Given data
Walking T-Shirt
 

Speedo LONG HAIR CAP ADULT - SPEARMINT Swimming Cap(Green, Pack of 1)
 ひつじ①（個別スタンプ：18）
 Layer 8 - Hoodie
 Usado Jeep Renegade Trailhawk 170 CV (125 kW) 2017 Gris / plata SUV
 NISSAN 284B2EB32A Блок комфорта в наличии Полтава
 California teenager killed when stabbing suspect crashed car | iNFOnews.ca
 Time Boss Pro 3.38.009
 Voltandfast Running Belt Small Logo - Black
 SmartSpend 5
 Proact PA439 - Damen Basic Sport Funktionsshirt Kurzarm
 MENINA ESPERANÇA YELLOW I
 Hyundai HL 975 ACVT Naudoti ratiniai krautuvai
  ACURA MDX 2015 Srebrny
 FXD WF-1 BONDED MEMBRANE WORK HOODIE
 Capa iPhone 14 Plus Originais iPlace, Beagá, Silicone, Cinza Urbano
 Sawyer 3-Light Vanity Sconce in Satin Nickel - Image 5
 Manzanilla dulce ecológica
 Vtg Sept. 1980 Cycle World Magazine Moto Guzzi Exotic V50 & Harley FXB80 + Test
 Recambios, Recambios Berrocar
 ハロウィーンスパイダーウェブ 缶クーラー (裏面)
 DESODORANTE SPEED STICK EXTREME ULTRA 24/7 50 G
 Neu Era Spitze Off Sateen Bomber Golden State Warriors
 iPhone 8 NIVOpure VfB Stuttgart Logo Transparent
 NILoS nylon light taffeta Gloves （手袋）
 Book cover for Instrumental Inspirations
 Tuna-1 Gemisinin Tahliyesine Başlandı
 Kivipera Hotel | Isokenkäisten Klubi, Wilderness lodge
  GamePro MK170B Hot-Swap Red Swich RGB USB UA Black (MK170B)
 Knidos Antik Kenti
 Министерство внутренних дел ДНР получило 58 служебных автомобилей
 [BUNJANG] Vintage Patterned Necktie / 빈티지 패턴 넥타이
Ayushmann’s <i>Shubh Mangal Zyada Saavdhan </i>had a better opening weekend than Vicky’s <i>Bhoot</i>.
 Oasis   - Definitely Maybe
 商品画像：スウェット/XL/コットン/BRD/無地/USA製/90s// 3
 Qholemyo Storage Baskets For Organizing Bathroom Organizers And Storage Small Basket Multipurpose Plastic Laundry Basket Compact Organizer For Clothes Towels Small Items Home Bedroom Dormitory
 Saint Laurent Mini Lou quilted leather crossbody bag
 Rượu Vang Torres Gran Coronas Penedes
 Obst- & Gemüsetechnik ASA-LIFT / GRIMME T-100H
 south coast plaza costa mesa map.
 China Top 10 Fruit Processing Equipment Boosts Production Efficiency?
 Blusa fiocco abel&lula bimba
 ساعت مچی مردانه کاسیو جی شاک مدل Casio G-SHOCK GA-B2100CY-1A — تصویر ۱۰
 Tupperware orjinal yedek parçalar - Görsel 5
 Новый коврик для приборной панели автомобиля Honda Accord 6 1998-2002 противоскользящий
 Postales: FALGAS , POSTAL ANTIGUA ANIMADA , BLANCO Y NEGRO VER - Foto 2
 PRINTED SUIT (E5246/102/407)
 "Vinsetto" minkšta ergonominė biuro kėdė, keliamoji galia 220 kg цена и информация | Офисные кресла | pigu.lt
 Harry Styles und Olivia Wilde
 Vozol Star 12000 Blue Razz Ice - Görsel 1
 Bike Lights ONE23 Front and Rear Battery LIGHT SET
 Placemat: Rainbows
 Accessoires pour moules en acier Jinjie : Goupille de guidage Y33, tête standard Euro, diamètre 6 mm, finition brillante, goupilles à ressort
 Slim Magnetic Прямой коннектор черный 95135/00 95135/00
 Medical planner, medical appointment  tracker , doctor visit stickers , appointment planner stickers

Goal of the exercise
The first line of the entries, the line with "Neu Era Spitze", and every line between them should be retyped exactly, and nothing else.

Written answer
Walking T-Shirt
 

Speedo LONG HAIR CAP ADULT - SPEARMINT Swimming Cap(Green, Pack of 1)
 ひつじ①（個別スタンプ：18）
 Layer 8 - Hoodie
 Usado Jeep Renegade Trailhawk 170 CV (125 kW) 2017 Gris / plata SUV
 NISSAN 284B2EB32A Блок комфорта в наличии Полтава
 California teenager killed when stabbing suspect crashed car | iNFOnews.ca
 Time Boss Pro 3.38.009
 Voltandfast Running Belt Small Logo - Black
 SmartSpend 5
 Proact PA439 - Damen Basic Sport Funktionsshirt Kurzarm
 MENINA ESPERANÇA YELLOW I
 Hyundai HL 975 ACVT Naudoti ratiniai krautuvai
  ACURA MDX 2015 Srebrny
 FXD WF-1 BONDED MEMBRANE WORK HOODIE
 Capa iPhone 14 Plus Originais iPlace, Beagá, Silicone, Cinza Urbano
 Sawyer 3-Light Vanity Sconce in Satin Nickel - Image 5
 Manzanilla dulce ecológica
 Vtg Sept. 1980 Cycle World Magazine Moto Guzzi Exotic V50 & Harley FXB80 + Test
 Recambios, Recambios Berrocar
 ハロウィーンスパイダーウェブ 缶クーラー (裏面)
 DESODORANTE SPEED STICK EXTREME ULTRA 24/7 50 G
 Neu Era Spitze Off Sateen Bomber Golden State Warriors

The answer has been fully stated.